SafeMode for AI Tools
When developing with the AI Comms Tool (the email simulator), the launch script enforces SafeMode — a set of guardrails that prevent accidental side effects:
This means an AI agent can freely experiment with email processing logic — classifying emails, generating responses, updating claim statuses — without any risk of:
- Sending real emails to couriers
- Modifying production mailboxes
- Requiring authentication credentials
The launch script handles all of this automatically:
./scripts/launch/ai-comms-tool/ai-comms-tool-local.shIt starts infrastructure, seeds the database, syncs recent production data, enforces SafeMode, and opens the browser — one command.
Dev Tools & Launch Scripts
Three launch scripts cover the main development scenarios:
Daily Development Workflow
# Morning: start infrastructure (prompts for sync if stale)

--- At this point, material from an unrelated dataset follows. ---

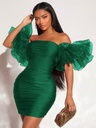 Exaggerated Ruffle Ruched Mesh Bodycon Dress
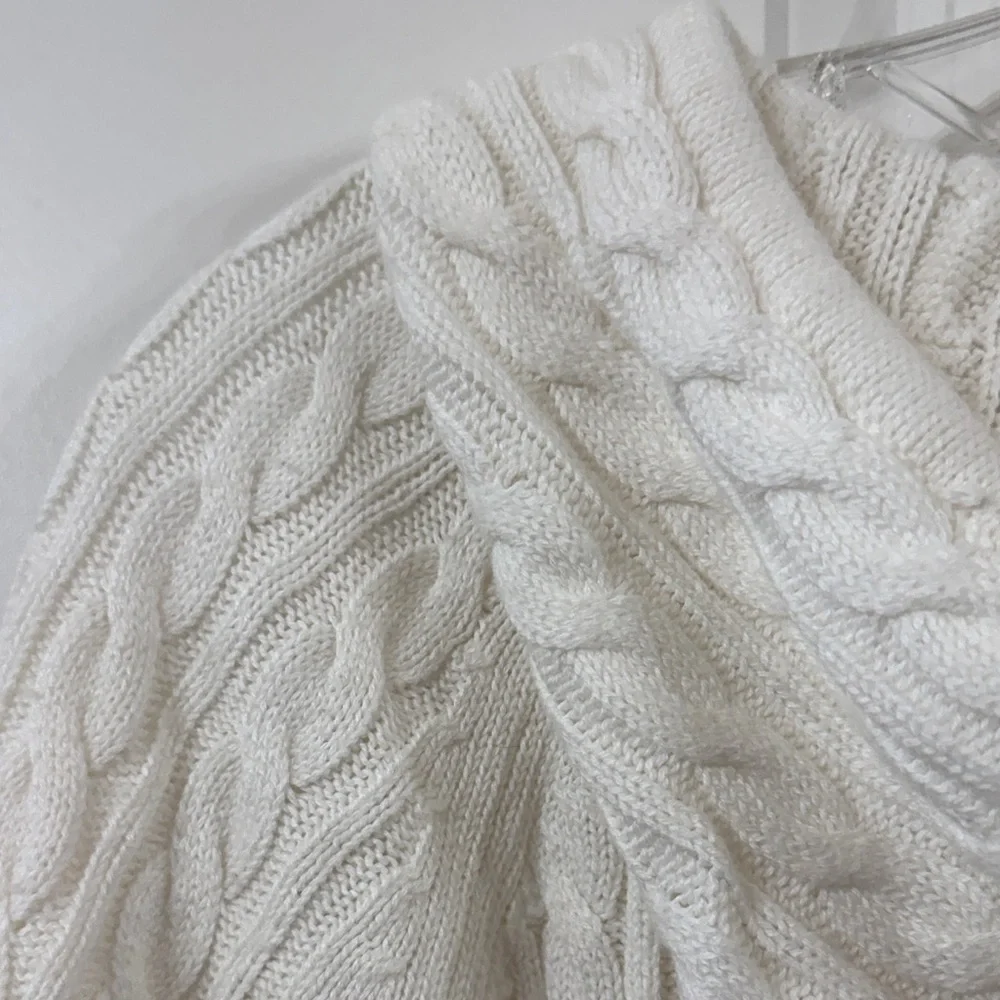 J. Crew Cable Knit Hooded Sweater - Cream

./scripts/launch/infrastructure-only/start.sh
# Open your IDE, debug Portal at https://localhost:7001
# Run Playwright tests after changes
cd frontend/test/Claimit.Portal.Playwright && dotnet test
# Check logs in browser
# http://localhost:9428/select/vmui
# Look up a specific claim
cd backend/Temporal/Claimit.Cli
dotnet run -- lookup DI058251104
# Simulate a Temporal workflow interactively
dotnet run -- temporal simulate 6A04083571549
# End of day: stop everything
./scripts/launch/infrastructure-only/start.sh --stopWhy This Matters
The closed-loop approach changes what AI agents can reliably do:
| Open-Loop (traditional) | Closed-Loop (this approach) |
|---|---|
| Agent writes code, human verifies | Agent writes code and verifies |
| Bugs found in PR review | Bugs found before commit |
| "It compiles" = done | Compiles + tests pass + no log errors = done |
| Agent guesses if changes work | Agent observes if changes work |
| Requires production access to debug | Everything runs locally |
The infrastructure cost is a docker compose up command and about 4 GB of RAM. The benefit is an AI agent that can work autonomously through multi-step tasks with confidence that its changes actually work — all inside a safe, disposable sandbox that mirrors production.